There were 11 of us plus our guide Penny Platts. It was a lovely way to a day. First, we looked in detail at the church in Kilpeck (about 1hr 30 mins) and many things you would miss if you went without a knowledgeable guide. This was followed by a pleasant lunch where we had our little side area away from other diners so we could talk easily with everyone, not just the person next to us. An hour and a bit later we were on the way to Abbey Dore for our final guided visit. We had a great day.
The Church of Saint Mary and Saint David, Kilpeck.
It is generally considered to have been a church at Kilpeck, or Cilpedec as it was likely called in medieval times, for almost 900 years. It is thought to have been one of 17 churches consecrated Ergyng by bishop Herewald in the early 11th century in the Welsh borders. At about the same time, Cilpedepec also justified the construction of a motte and bailey castle which is next door to the church but not much remains today except the earthworks. The present church probably dates back to around 1130. However, there was even mention of a church here as far back 640 AD when this was part of Wales.

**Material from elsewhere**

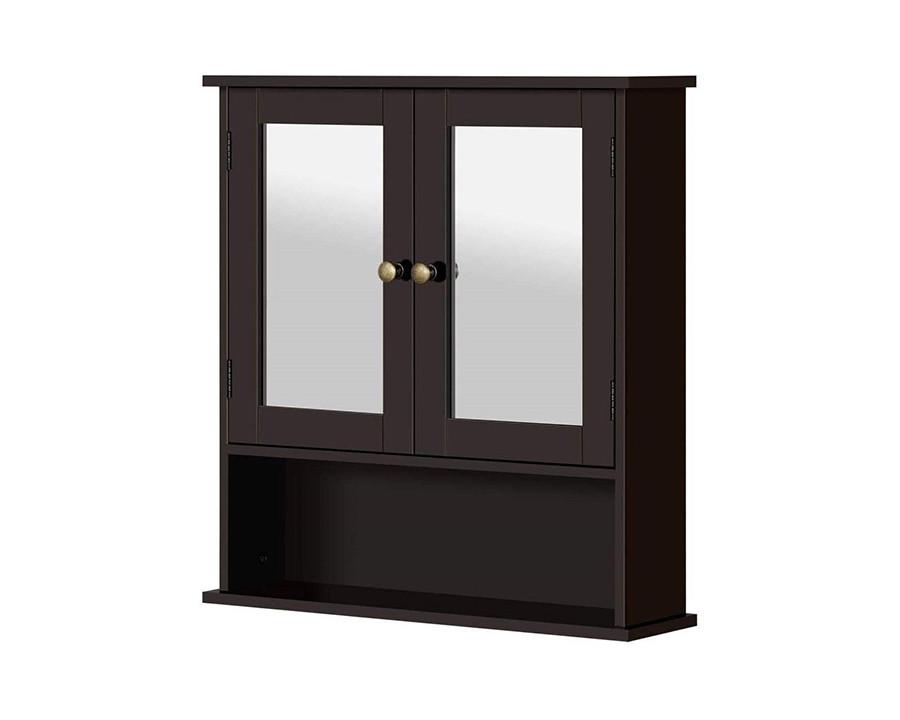 FaFurn 2-Door Wall Mounted Medicine Cabinet Bathroom Mirror with Shelf - Espresso Brown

Kilpeck church is constructed in the Romanesque style of architecture and is nationally famous for its preserved masonry and stone carvings which have survived the ravages of time in such a remarkable way. Many of the corbels outside the church probably had connections with pagan symbols and they are thought to act as reminders of appropriate behavioural practices and were a method to connect with the illiterate populace of the time. They are fascinating, and yet, as for their original meaning, for the majority of them, we can only conjecture.
Inside the church, the architecture is less graphic but no less interesting.
You will; find more on https://kilpechchurch.org
In the afternoon we went on to Dore Abbey and arrived with black clouds on the horizon. Our look around the outside of the abbey was curtailed by a sharp, heavy, cold shower. It was very cold inside and I had images of freezing monks in the old days clad in their hair clothing and sandals.
Founded in 1147, what we see at Door Abbey today is the remaining part of the once much larger medieval Cistercian abbey, unusual in that still operates as a parish church.
The abbey was dissolved in 1536 but before it was demolished or fell into total decay, as became many other monasteries, this part was purchased by a local landowner and gent, John Scudamore. The building remained in the family for several generations until his great-grandson, First Viscount, John Scudamore, who’s several children died in infancy, was seeking advice on how to overcome the problem and raise an heir and successor to his family. The advice was to make amends for his ownership and profiting from a monastic property, by restoring the building and returning it to the church. This he did in the 1630’s. It was immediately successful and his next heir survived.
The Church of Saint Mary has been a parish church ever since.
Inside the abbey much is original. The walls are covered in ancient paintings and religious texts.